So what better time to dig out that battered teenage copy of The Communist Manifesto (1848) and all three groaning volumes of Das Kapital (1867-83)?
If the scale of that undertaking sounds daunting, fear not. Here is a selection of left-leaning writers who followed in the political philosopher’s wake, using fiction as a more readily digestible means of bringing socialist ideas to the reading public.
Emile Zola (1840-1902)
The great French novelist’s 20-volume series Les Rougon-Macquart sought to encompass all aspects of contemporary society in the manner of Honore de Balzac’s mammoth La Comedie Humaine (1829-47).
Zola’s panoramic novel sequence comprised thrilling but naturalistic tales of the working lives of everyone from prostitutes to train drivers and crooked financiers in works like Nana (1880), La Bete Humaine (1890) and L’Argent (1891).
Few books could be more prescient than Germinal (1885), his account of coal miners toiling by lamplight in the fictional northern town of Montsou who are driven to strike by the conditions they suffer – with disastrous consequences.
The novel captures the same spirit of compassion the young Vincent van Gogh felt when he witnessed the brutal lives of those swinging picks in Borinage, Belgium, presenting the dank horrors of the tunnels in unflinching, journalistic detail.
Charles Dickens had carried out a similar act of reportage when he visited Preston by rail in 1854 and reported back on the industrial action he had observed in his Household Words essay “On Strike”, the inspiration for that same year’s Hard Times, in turn capitalising on a contemporary interest in workers’ rights also addressed in fiction by the likes of Elizabeth Gaskell in Mary Barton (1848).

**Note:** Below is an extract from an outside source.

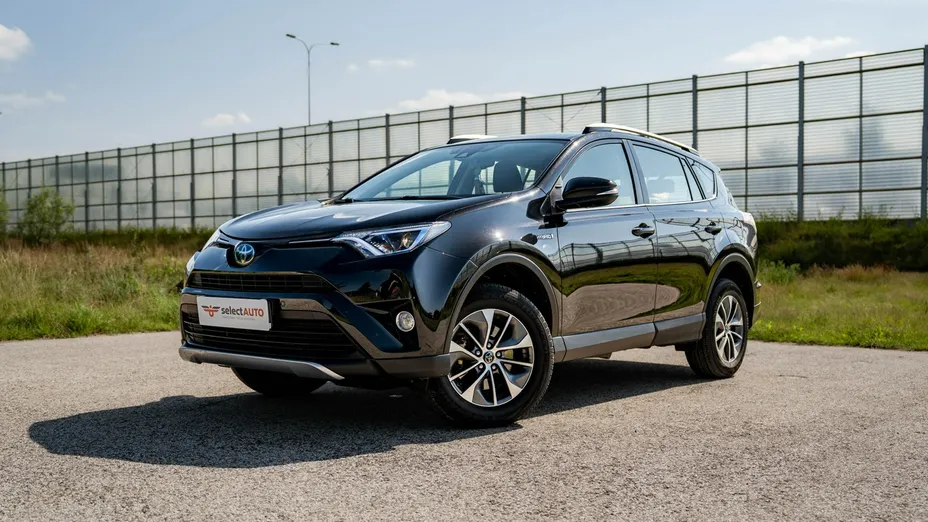 TOYOTA RAV4 -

The recognition of Germinal and the public service it provided was such that its title was chanted by mourners at Emile Zola’s funeral in 1902.
HG Wells (1866-1946)
Born in Bromley, Kent, the son of a shopkeeping cricketer and a lady’s maid, Herbert George Wells abandoned an early career as a draper’s apprentice to serve as a pupil-teacher in Wookey, Somerset, and then at Midhurst, West Sussex.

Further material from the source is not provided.